The Fair Work Commission (FWC) terminated industrial action that was placing the security and safety of the public at risk in the former Department of Immigration and Border Protection – now the Department of Home Affairs.

The threshold for termination of industrial action under the Fair Work Act 2009 is very high and can only occur in very specific circumstances.

Where industrial action is terminated by the FWC, this triggers a period of supervised conciliation between the parties.

If any matters remain outstanding at the end of the conciliation period, those matters are arbitrated by a Full Bench of the FWC. Employees do not get to vote on the outcomes of arbitration.

Do these circumstances exist in any other agencies at present?


Was it the third no vote which pushed the Department into arbitration?

No. The Department was already on the path to arbitration when the third vote was cast.

With the knowledge that arbitration can be a lengthy process, the Department provided employees with a final opportunity to vote on the agreement before going into arbitration.

Will an arbitrated outcome for Home Affairs impact on bargaining in other agencies?

No. The arbitration is confined to the Department. It will not set a precedent for any other agencies in bargaining. Other agencies are continuing to bargain in accordance with the Workplace Bargaining Policy 2018.

The arbitrated outcome will be based on the Department’s circumstances and not impact Government policy.

If employees continue to vote no to an enterprise agreement, can the FWC automatically arbitrate a workplace determination?

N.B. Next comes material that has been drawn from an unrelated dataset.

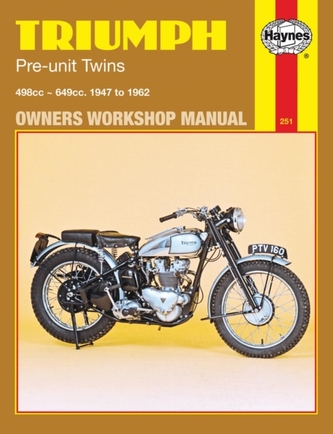 Triumph Pre-Unit Twins (47 - 62)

No. The act of voting no to an agreement does not trigger arbitration of the agreement, no matter how many times you vote no.

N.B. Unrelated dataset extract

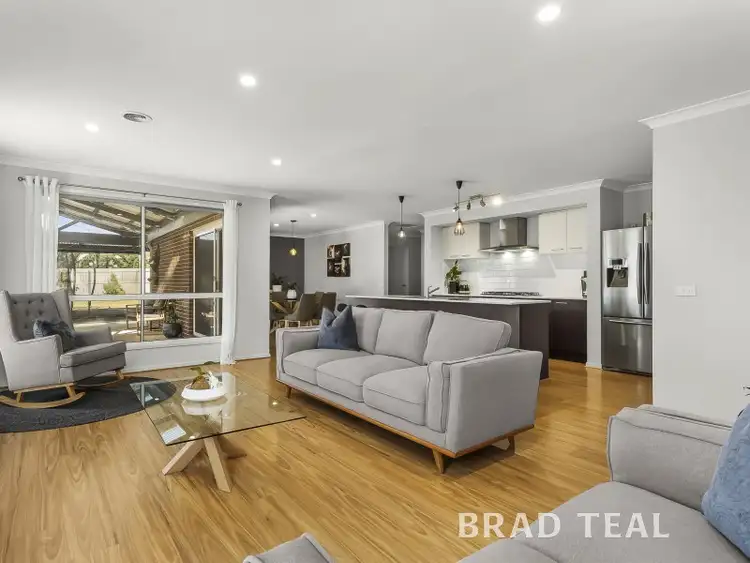 Second view of Homely house listing, 15 Coop Drive, Gisborne VIC 3437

Are there any other potential paths to arbitration?

Yes, there are two under the Fair Work Act.


Voluntary arbitration

Section 240 of the Act provides an option for arbitration to occur where all bargaining representatives voluntarily agree to this.

The Commonwealth would not agree to this. The policy, as the name indicates, is focused on bargaining as the avenue to achieve an enterprise agreement. Arbitration is contrary to this approach. The Commonwealth would therefore not agree to arbitration pursuant to section 240 of the Act.

The policy has enabled many APS and non-APS agencies to make new agreements. As in any negotiation, agreements can be made where bargaining representatives engage in the process in a constructive and conciliatory way.

Arbitration resulting from a serious breach declaration

Section 269 of the Fair Work Act mandates that a Full Bench of the Fair Work Commission is required to make a bargaining related workplace determination when:

  1. The FWC has issued a bargaining order under section 230; and
  2. The FWC subsequently issues a serious breach declaration under section 235.

In order to issue a serious breach declaration, the FWC must be satisfied that a bargaining order has been breached in a serious and ongoing way. A range of other conditions also need to be met.